Commenting on the issue of appointing a chief engineering adviser, Philip Greenish said that government invitations for the Academy to support policy making had been very welcome and showed movement in the right direction. He added that because engineering issues had been taken into proper account early on in the process, the Academy would be less strident in its call for a chief engineering advisor.
Representatives from the British Academy and the Royal Society also gave evidence. The Select Committee will publish a report of its findings in early 2012.
Notes for editors
House of Lords Science and Technology Select Committee
The Royal Academy of Engineering responded to the inquiry on behalf of Engineering the Future. As representatives of the engineering profession, with access to some of the best engineering skills and experiences, the Engineering the Future partners have a key role in supporting the work of the Departmental Chief Scientific Advisors as well as Professor Sir John Beddington CMG FRS, the Government Chief Scientific Advisor.

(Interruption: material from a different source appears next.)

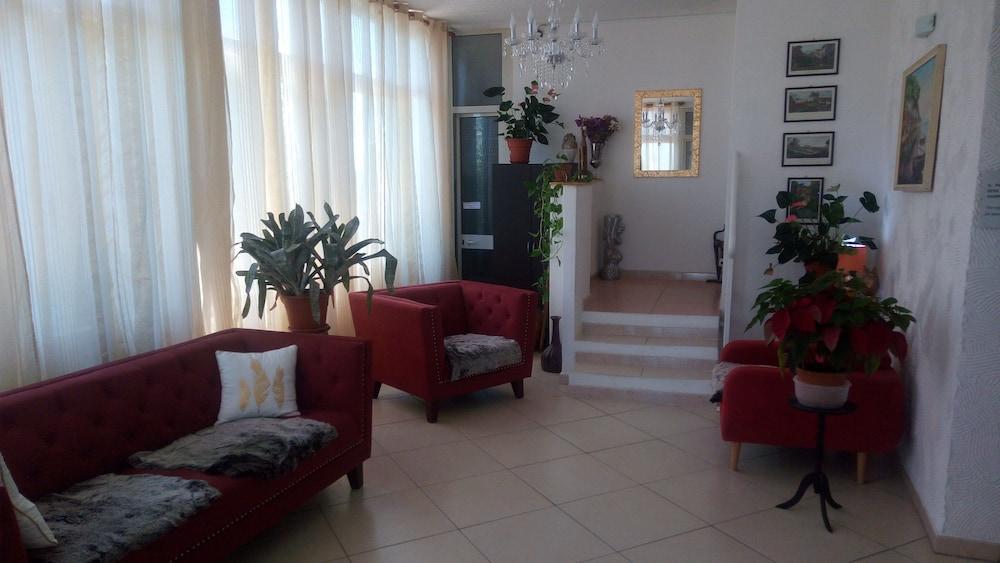 Bed and Breakfast Il Mirto E La Rosa Arenella  Exterior foto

DCSA Inquiry September 2011 (230.90 KB)
The Committee inquiry is looking at the following aspects:
The ability of CSAs to provide independent advice to ministers and policy makers within their departments
The extent of their influence over research spend
Their role in providing independent challenge and ensuring that departmental policies are evidenced-based
The range of expertise provided by the network of CSAs
The extent to which CSAs have authoritative standing within relevant academic, industrial or business communities, including whether they have effective networks within those communities
The contribution of CSAs in promoting public trust in the independence and authority of science advice to government.
Engineering the Future
Engineering the Future is a broad alliance of the engineering institutions and bodies which represent the UK’s 450,000 professional engineers. We provide independent expert advice and promote understanding of the contribution that engineering makes to the economy, society and to the development and delivery of national policy.

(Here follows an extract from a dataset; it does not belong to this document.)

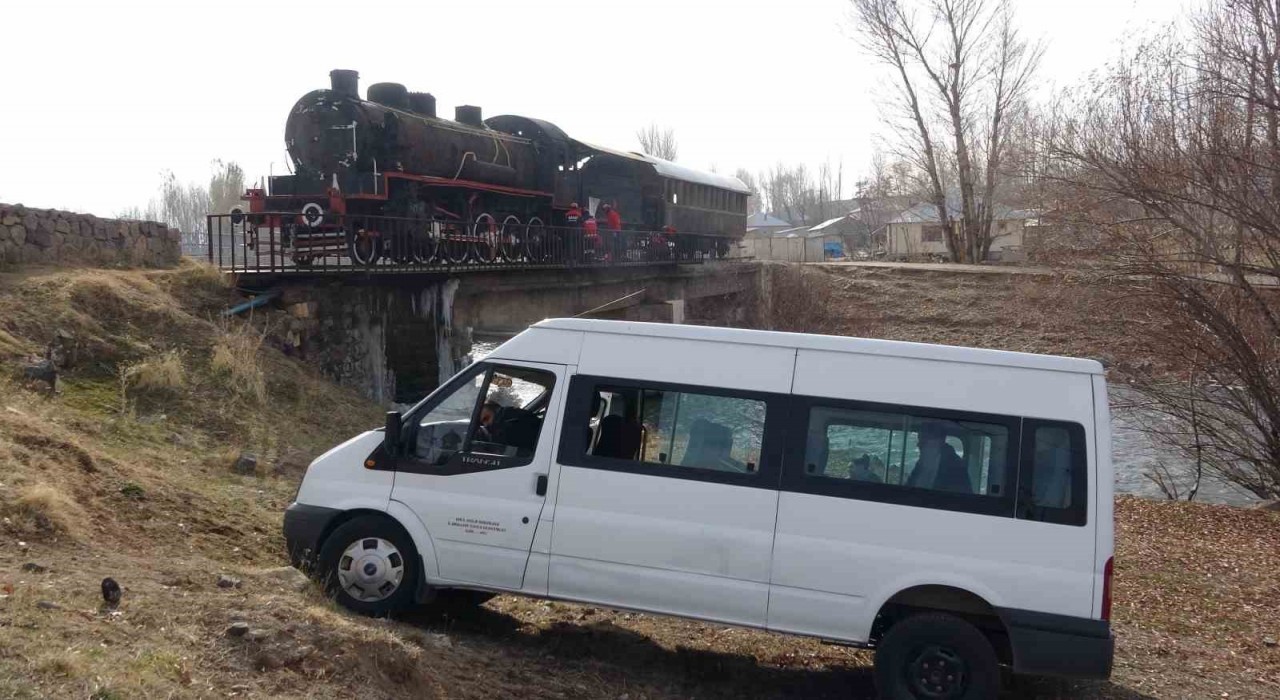 Vanda tren ve trafik kazası tatbikatları nefes kesti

The leadership of Engineering the Future is drawn from the following institutions: The Engineering Council; EngineeringUK; The Institution of Chemical Engineers; The Institution of Civil Engineers; The Institution of Engineering and Technology; The Institution of Mechanical Engineers; The Institute of Physics; The Royal Academy of Engineering.
The Royal Academy of Engineering
Founded in 1976, The Royal Academy of Engineering promotes the engineering and technological welfare of the country. Our fellowship – comprising the UK’s most eminent engineers – provides the leadership and expertise for our activities, which focus on the relationships between engineering, technology, and the quality of life. As a national academy, we provide independent and impartial advice to Government; work to secure the next generation of engineers; and provide a voice for Britain’s engineering community.